More than 100 are supported as components for monitoring, covering various types including remote procedure call (RPC), message queues, databases, and task scheduling.

Trace context propagation: standardizes Alibaba Cloud end-to-end tracing protocol, supporting multiple protocol conversions with ARMS agent

Completing instrumentation and data collection from a single application is successful when corresponding trace data appears in the console. However, end-to-end tracing requires linking upstream and downstream traces with a unified protocol to ensure continuity, posing both technical and coordination challenges.

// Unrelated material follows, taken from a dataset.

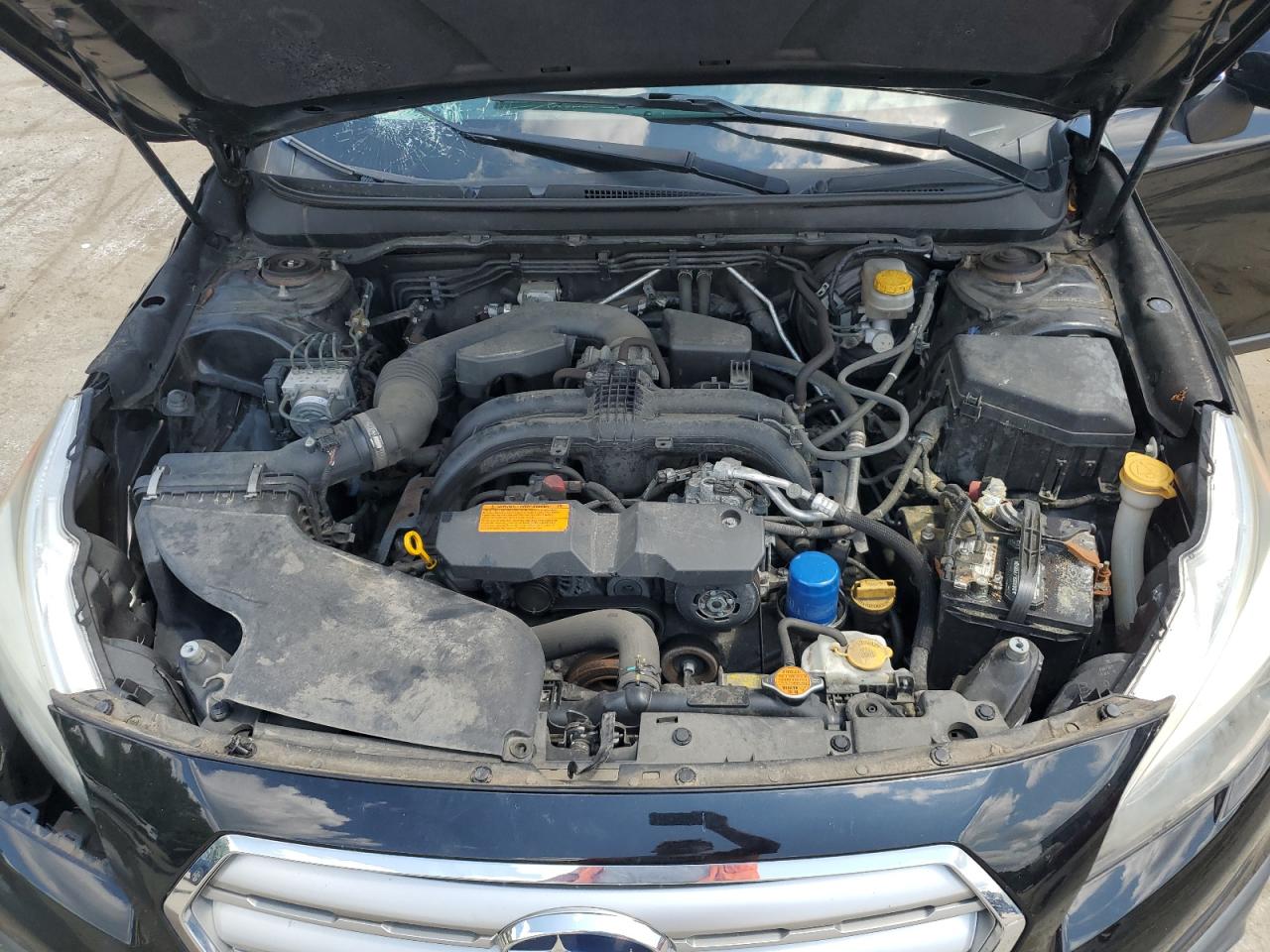 2015 Subaru Outback 2.5I Limited VIN: 4S4BSAJC2F3363369 Lot: 63715944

Managed Service for OpenTelemetry has already achieved end-to-end trace connectivity based on the OpenTelemetry W3C protocol and will progressively cover more protocols and services for a comprehensive and flexible tracing ecosystem, as shown in the following diagram.

image.png

Compared to new applications, existing applications face greater challenges in unifying end-to-end protocols, especially during technology stack transitions (for example, migrating from SkyWalking to OpenTelemetry). Ensuring continuous operation of the existing monitoring system while validating the new one and enabling coexistence of two different tracing systems is a major hurdle for upgrading or connecting existing applications.

To address this, the self-developed ARMS agent has undergone extensive compatibility optimizations, achieving dual-agent coexistence to ensure both systems operate correctly and stably until migration is complete, as illustrated below.

image.png

The ARMS agent supports multi-protocol recognition and transmission. In scenarios where upstream and downstream systems cannot easily change, the agent can act as a protocol mediator. For example, the upstream application A uses the Jaeger protocol, the ARMS agent receives the Jaeger data and forwards it while converting it to both Jaeger and Zipkin B3 formats, and the downstream application B uses the Zipkin B3 protocol. This ensures seamless trace data transmission between systems using different protocols, and trace continuity and connectivity.